Received 11 July 2013; Accepted 14 October 2013

Academic Editor: Andrei Surguchov

Copyright © 2013 Daryush Talei et al. This is an open access article distributed under the Creative Commons Attribution License, which permits unrestricted use, distribution, and reproduction in any medium, provided the original work is properly cited.

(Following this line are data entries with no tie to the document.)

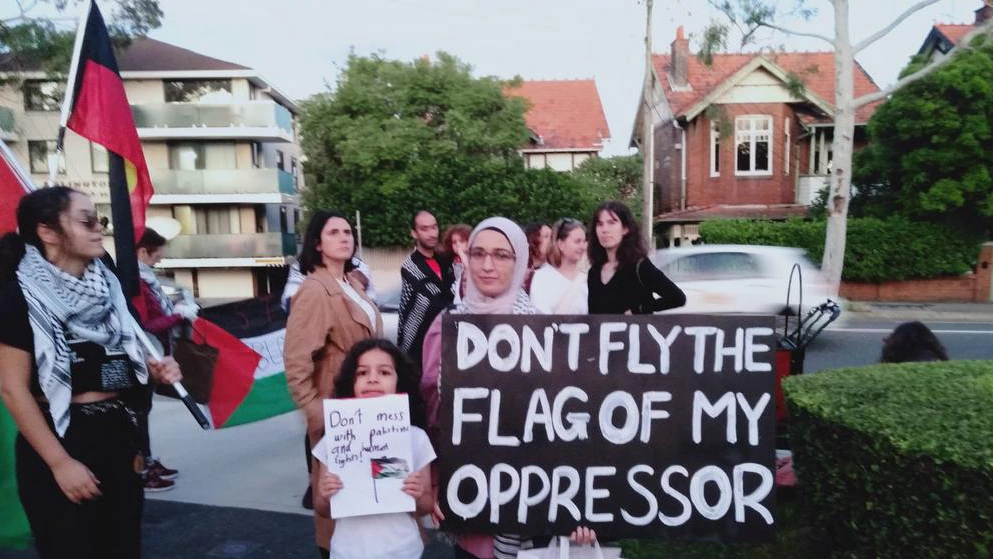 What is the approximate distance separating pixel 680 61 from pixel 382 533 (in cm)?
2957

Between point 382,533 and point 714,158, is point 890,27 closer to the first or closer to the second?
point 714,158

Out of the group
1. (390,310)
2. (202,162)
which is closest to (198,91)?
(202,162)

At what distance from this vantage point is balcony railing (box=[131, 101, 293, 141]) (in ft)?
91.0

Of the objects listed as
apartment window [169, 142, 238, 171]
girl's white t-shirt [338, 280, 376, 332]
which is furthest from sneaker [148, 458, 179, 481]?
apartment window [169, 142, 238, 171]

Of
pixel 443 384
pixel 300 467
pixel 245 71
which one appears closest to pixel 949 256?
pixel 300 467

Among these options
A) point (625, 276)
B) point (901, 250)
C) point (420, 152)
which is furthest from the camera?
point (420, 152)

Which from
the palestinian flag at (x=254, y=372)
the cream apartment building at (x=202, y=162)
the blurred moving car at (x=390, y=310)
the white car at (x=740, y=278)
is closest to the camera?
the palestinian flag at (x=254, y=372)

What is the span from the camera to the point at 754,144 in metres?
24.9

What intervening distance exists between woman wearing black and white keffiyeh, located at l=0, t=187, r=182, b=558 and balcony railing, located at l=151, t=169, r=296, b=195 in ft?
91.2

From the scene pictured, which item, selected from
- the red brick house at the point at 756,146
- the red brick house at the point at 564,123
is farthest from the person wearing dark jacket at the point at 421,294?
the red brick house at the point at 564,123

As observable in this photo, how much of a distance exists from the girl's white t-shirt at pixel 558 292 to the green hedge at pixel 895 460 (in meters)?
1.14

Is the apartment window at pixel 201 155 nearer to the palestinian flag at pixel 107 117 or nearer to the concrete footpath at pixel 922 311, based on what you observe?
the concrete footpath at pixel 922 311

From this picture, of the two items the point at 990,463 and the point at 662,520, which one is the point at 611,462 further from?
the point at 990,463

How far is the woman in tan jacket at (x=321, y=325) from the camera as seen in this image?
2.67 m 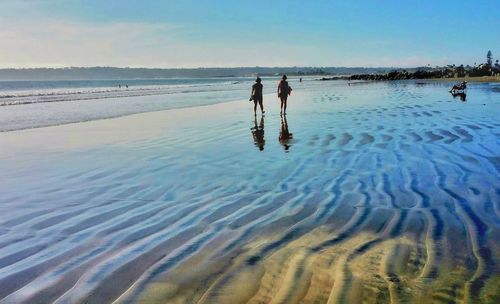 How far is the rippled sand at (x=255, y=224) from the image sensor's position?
4023mm

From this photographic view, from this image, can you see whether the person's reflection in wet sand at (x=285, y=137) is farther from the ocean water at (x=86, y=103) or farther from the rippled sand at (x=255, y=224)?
the ocean water at (x=86, y=103)

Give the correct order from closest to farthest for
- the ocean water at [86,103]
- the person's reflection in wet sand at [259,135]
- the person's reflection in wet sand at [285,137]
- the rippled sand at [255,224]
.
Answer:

Salinity causes the adverse effects in all physiological processes of plants. The present study aimed to investigate the potential of salt stress to enhance the accumulation of the anticancer phytochemicals in Andrographis paniculata accessions. For this purpose, 70-day-old plants were grown in different salinity levels (0.18, 4, 8, 12, and 16 dSm−1) on sand medium. After inducing a period of 30-day salinity stress and before flowering, all plants were harvested and the data on morphological traits, proline content and the three anticancer phytochemicals, including andrographolide (AG), neoandrographolide (NAG), and 14-deoxy-11,12-didehydroandrographolide (DDAG), were measured. The results indicated that salinity had a significant effect on the aforementioned three anticancer phytochemicals. In addition, the salt tolerance index (STI) was significantly decreased, while, except for DDAG, the content of proline, the AG, and NAG was significantly increased ( ). Furthermore, it was revealed that significant differences among accessions could happen based on the total dry weight, STI, AG, and NAG. Finally, we noticed that the salinity at 12 dSm−1 led to the maximum increase in the quantities of AG, NAG, and DDAG. In other words, under salinity stress, the tolerant accessions were capable of accumulating the higher amounts of proline, AG, and NAG than the sensitive accessions.